You can't crush a soul here. That's what life on Earth is for.
Soul is an inspired name for the film: describing the essence of the music and the thematic idea behind the story. Pete Docter - Monster’s Inc. (2001), Up (2009) and Inside Out (2015) once again takes the helm of a Pixar movie and takes it into an altogether different plane. The exploration of the essence of humanity, the purpose of being and afterlife, while being accessible and non-religious, is so skilfully handled that you wonder why it hasn’t been done before.
Heady ideas, told simply
By combining story elements of soul searching, fish-out-of-water, buddy comedy with an overarching narrative of wanting to belong to something bigger than yourself, Pixar has crafted a wonderful film that is both straight forward and abstract. It cleverly gives hints on answers with broad brush strokes on thematic and theological ideals, yet has a grounding in the real world, with all too human issues of unfulfillment and desire. Heady ideas, told simply and visually so that it is absurdly easy to absorb.
Clever ideas, perfect voice casting and a visual aspect to the film that is at once otherworldly and yet obvious, Soul manages to cross genres, bend ideas and form a whole that is remarkable and all together entertaining. Pixar has done it again.
Soul 4K Video
Soul exists purely in the digital realm as a 4K DI. The disc presents a native 3840 x 2160p resolution image with widescreen 2.39.:1 aspect ratio, and uses 10-bit video depth, High Dynamic Range, a Wide Colour Gamut (WCG) and is encoded using the HEVC (H.265) codec for HRD10. We reviewed the Region free UK Ultra HD Blu-ray release of Soul on a Panasonic 65DX902B Ultra HD 4K TV with a Panasonic DP-UB450 Dolby Vision HDR10+ 4K Ultra HD Blu-ray player.
A perfect picture
The detail (obviously depended on how much is put in by the artists) is absolutely breathtaking; everything is visible, from the thickness of the cat’s fur, to the reflections in the trombone’s mouthpiece, from the scuff marks in the worn apartment, to the peeling paint of the railings, from the posters on the walls, to the, quite astonishing, lights overlooking New York (seriously could have been a postcard image), nothing is missing and everything is absolute.

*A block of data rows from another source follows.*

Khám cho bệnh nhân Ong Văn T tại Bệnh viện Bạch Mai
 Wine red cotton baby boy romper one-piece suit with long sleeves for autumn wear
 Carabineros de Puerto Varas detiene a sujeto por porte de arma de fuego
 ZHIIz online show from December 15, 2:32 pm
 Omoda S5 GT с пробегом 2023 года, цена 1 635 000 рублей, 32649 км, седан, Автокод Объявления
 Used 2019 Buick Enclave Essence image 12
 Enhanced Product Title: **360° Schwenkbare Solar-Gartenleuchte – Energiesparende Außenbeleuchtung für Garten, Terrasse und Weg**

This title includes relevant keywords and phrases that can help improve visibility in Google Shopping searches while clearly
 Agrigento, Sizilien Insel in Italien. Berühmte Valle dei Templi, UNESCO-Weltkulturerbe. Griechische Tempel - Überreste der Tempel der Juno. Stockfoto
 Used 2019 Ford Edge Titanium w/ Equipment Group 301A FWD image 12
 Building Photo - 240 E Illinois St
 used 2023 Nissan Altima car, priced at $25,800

The WGC and HDR really give the colours some pop, from the rich earthly hues of green and brown, to the more ethereal pinks and blues of the astral plane. Skin tones are perfectly natural, while sunlight is given a vivid aspect, indeed lighting throughout is so natural as to fool the eye; check out the richness of the colours once someone enters the ‘zone’.
Black levels are deep and strong, whether that is the infinite black of the ‘Great Beyond’ or the depth of the tunnel in the subway. White scale too is blinding; again look at the ‘Great Beyond’.
Digitally there are no issues, likewise the source is pristine; in many respects, it's the perfect picture.
Soul 4K Audio
The Dolby Atmos track is wide and expansive making liberal use of all the channels to provide an absorbing sonic experience. The layers of music in the jazz club, likewise the school class room, where each instrument is distinct but part of the group. The echoes in the astral plane, the zzupp of the souls as they enter the Great Beyond, indeed all dialogue is clear, precise and natural sounding.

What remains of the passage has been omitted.